## What is required
Within the lines below, the span from the line with "The Indo Pro" to the line with "Wasserschale Pink", both ends included, is to be reproduced exactly, with pictures omitted.

(Saved data entries)
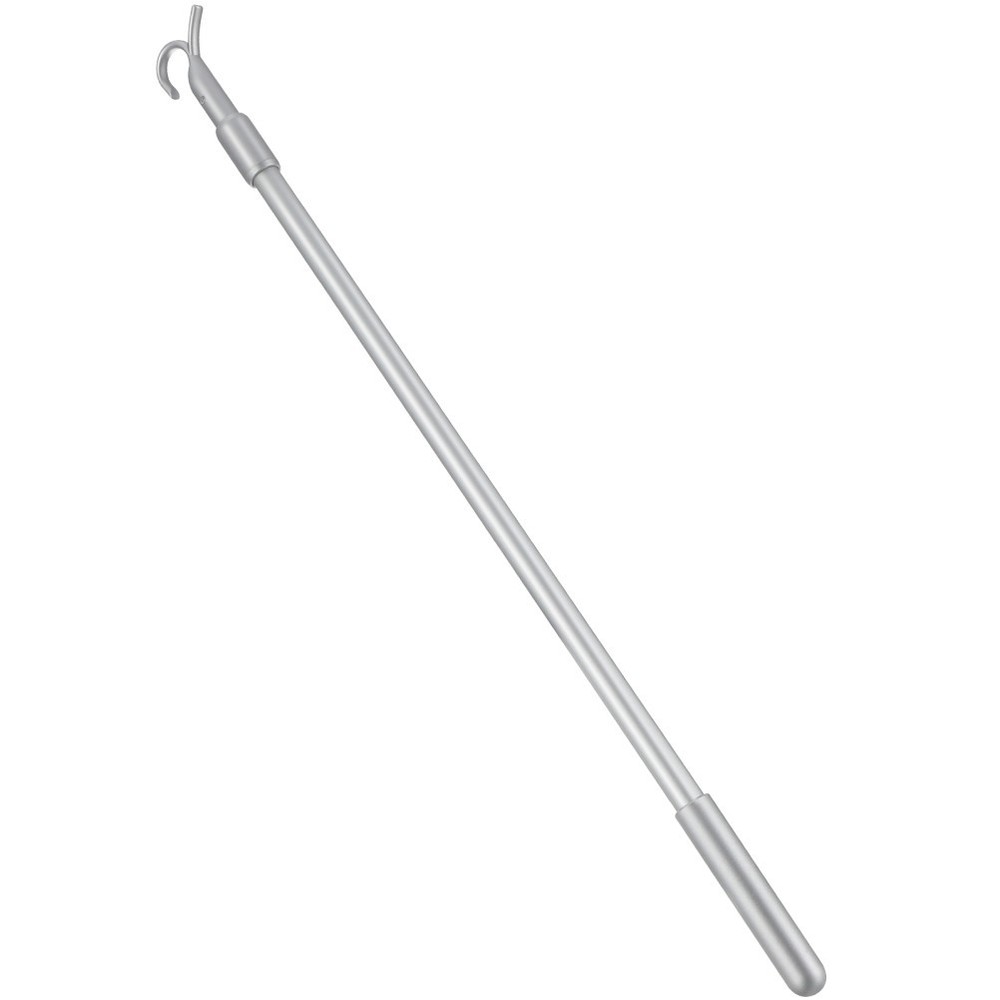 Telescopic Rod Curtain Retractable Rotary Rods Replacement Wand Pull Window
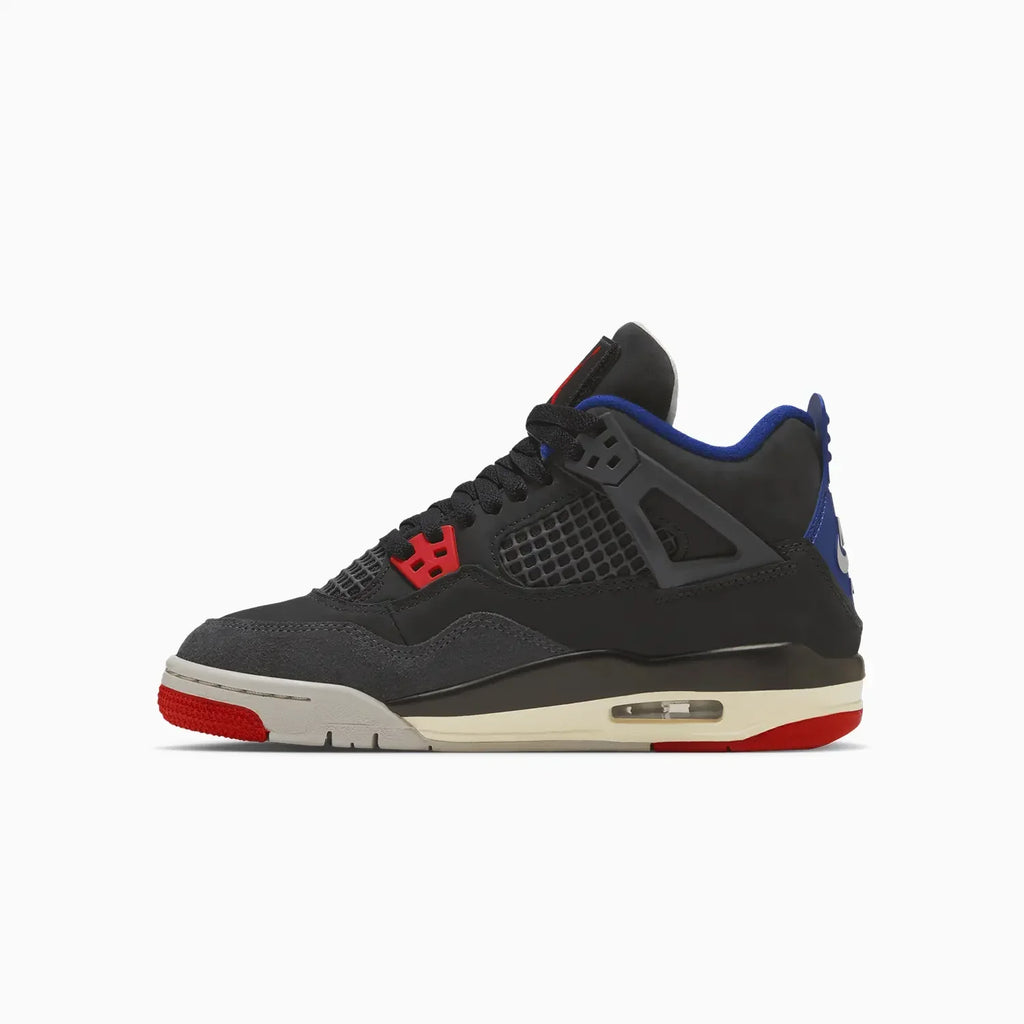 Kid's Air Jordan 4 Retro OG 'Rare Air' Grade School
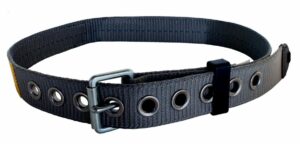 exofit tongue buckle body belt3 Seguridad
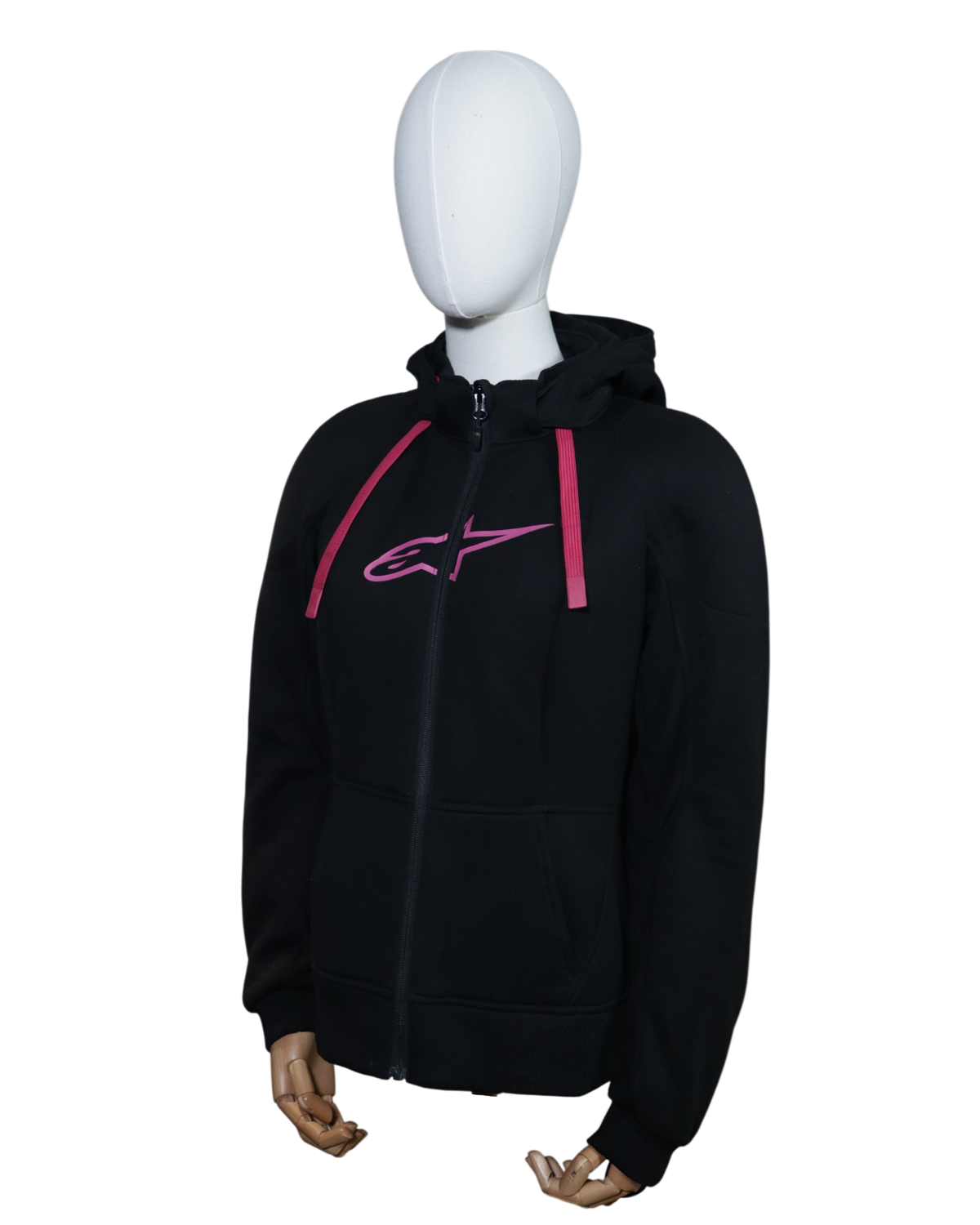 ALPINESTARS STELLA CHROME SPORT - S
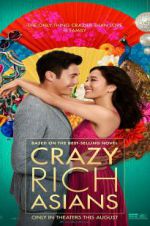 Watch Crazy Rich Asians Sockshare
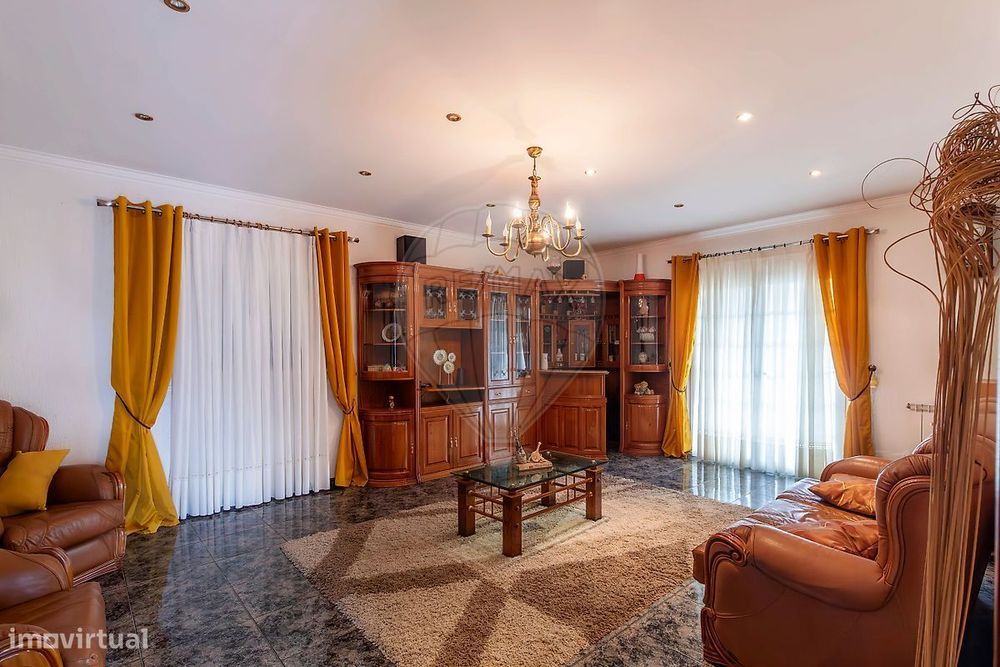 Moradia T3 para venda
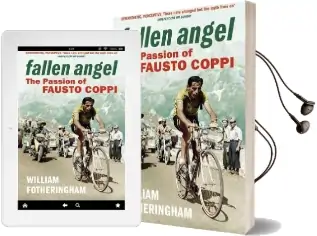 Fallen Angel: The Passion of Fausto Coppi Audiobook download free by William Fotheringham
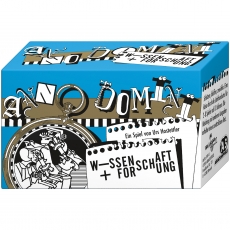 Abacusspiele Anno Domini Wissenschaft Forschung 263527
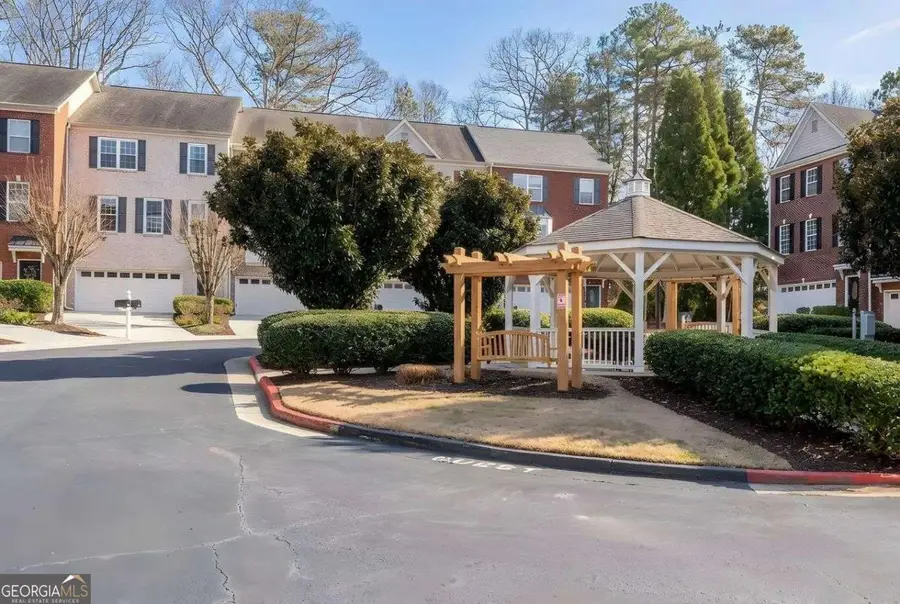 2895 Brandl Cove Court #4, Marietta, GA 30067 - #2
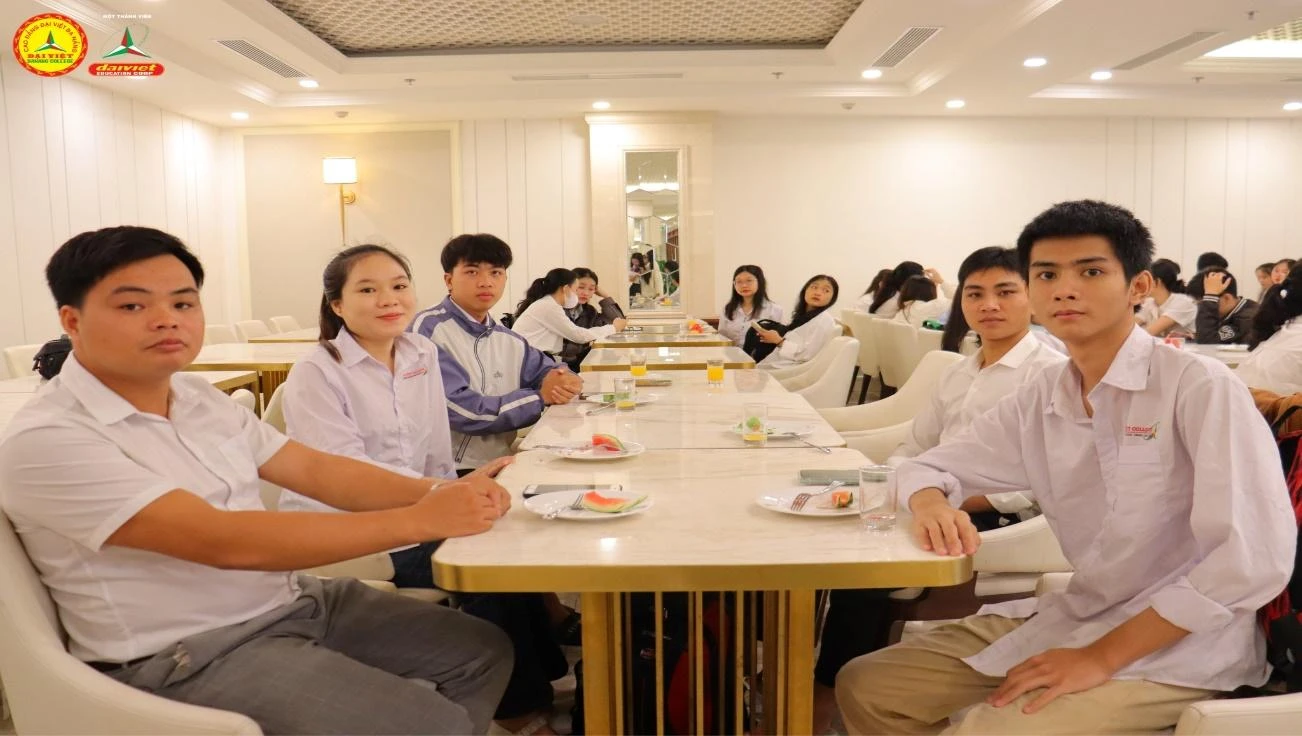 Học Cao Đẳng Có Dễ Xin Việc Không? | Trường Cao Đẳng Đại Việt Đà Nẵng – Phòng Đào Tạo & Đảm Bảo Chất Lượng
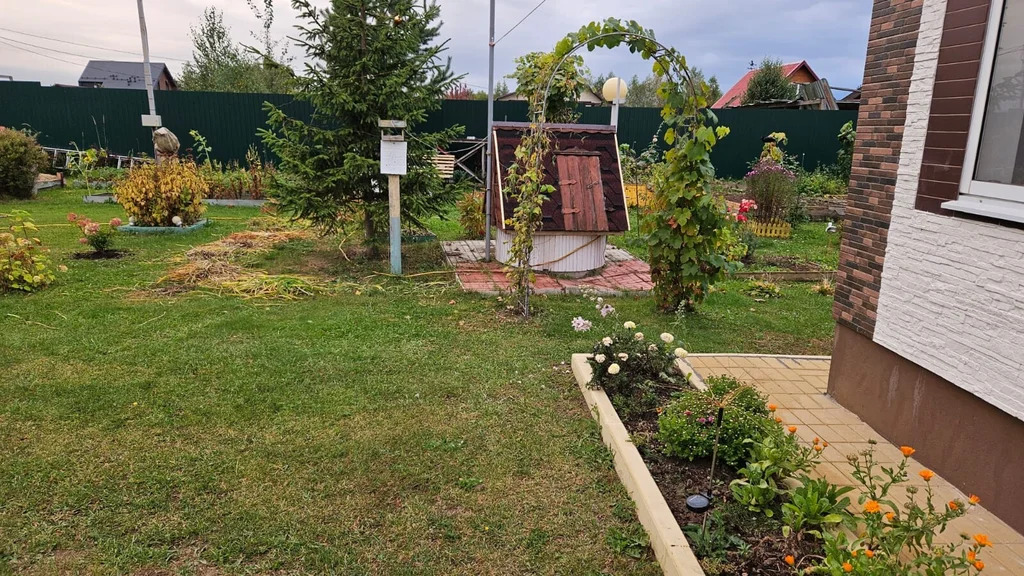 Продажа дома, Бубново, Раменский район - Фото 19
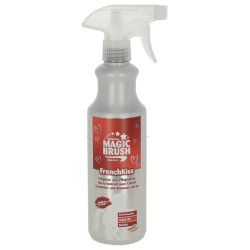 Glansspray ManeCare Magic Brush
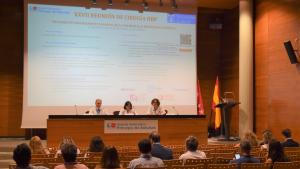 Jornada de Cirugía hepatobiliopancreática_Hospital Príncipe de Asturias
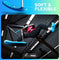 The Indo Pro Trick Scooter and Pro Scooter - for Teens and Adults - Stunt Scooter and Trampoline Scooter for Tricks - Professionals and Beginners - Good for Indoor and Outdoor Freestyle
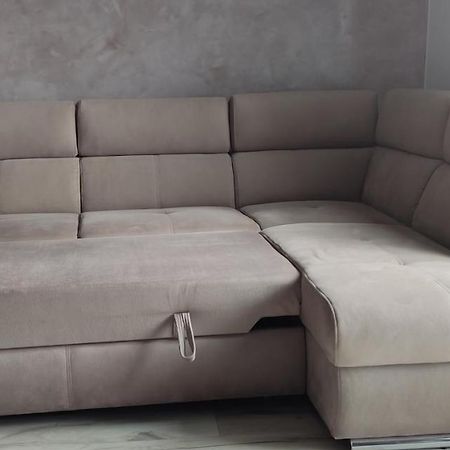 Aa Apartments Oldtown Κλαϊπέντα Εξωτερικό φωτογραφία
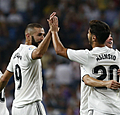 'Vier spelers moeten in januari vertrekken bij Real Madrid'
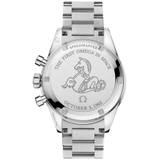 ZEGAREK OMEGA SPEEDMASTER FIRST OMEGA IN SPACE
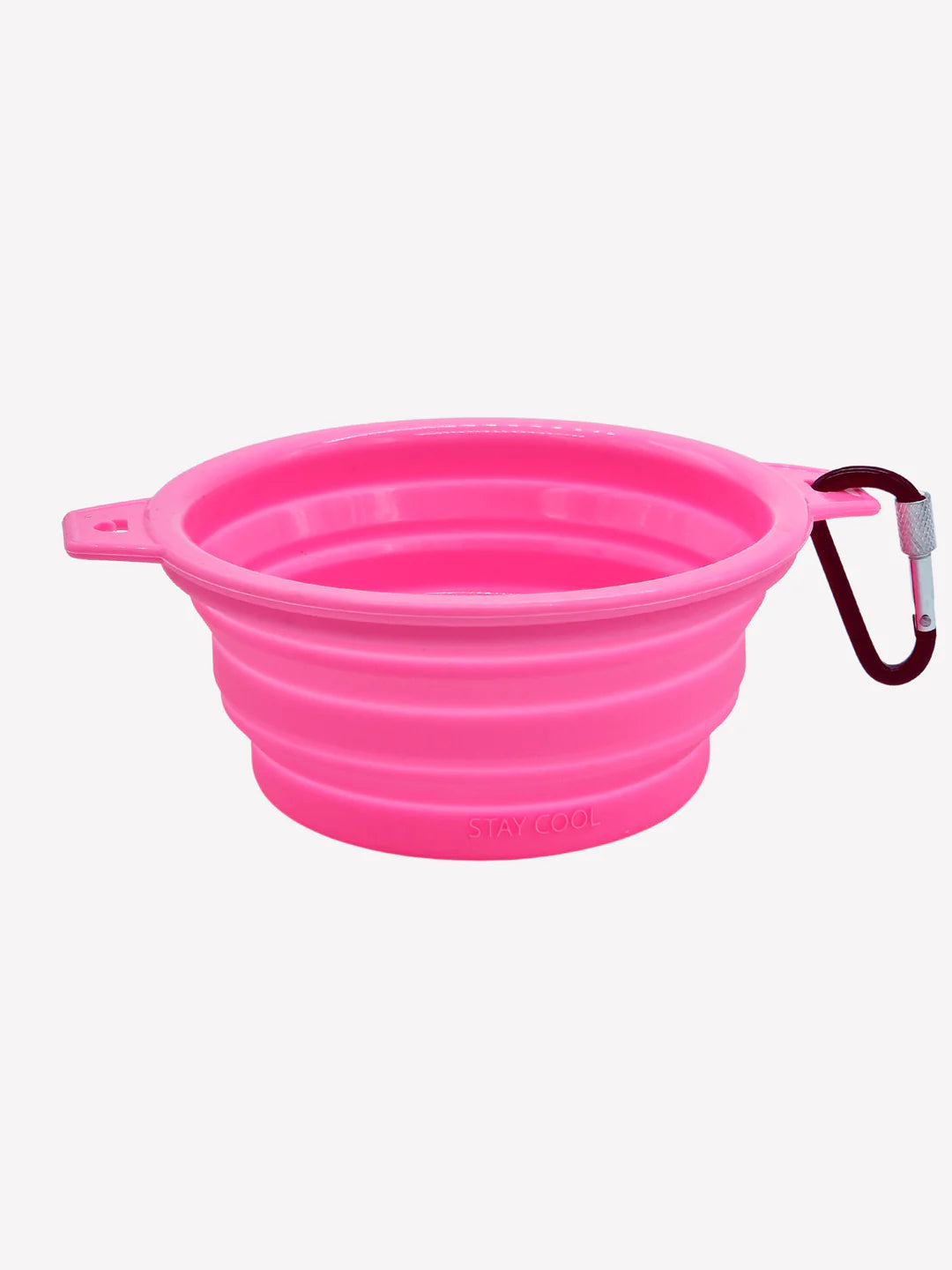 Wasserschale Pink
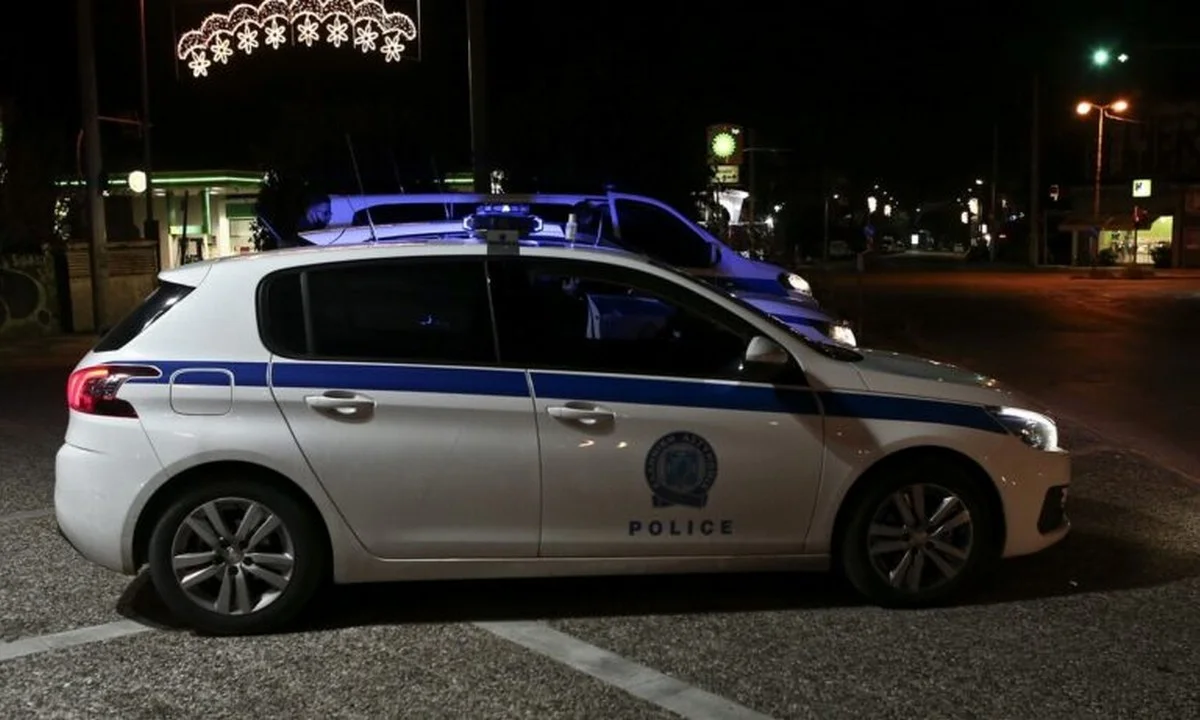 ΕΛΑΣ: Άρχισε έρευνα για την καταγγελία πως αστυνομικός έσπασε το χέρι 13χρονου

## Solved problem
 The Indo Pro Trick Scooter and Pro Scooter - for Teens and Adults - Stunt Scooter and Trampoline Scooter for Tricks - Professionals and Beginners - Good for Indoor and Outdoor Freestyle
 Aa Apartments Oldtown Κλαϊπέντα Εξωτερικό φωτογραφία
 'Vier spelers moeten in januari vertrekken bij Real Madrid'
 ZEGAREK OMEGA SPEEDMASTER FIRST OMEGA IN SPACE
 Wasserschale Pink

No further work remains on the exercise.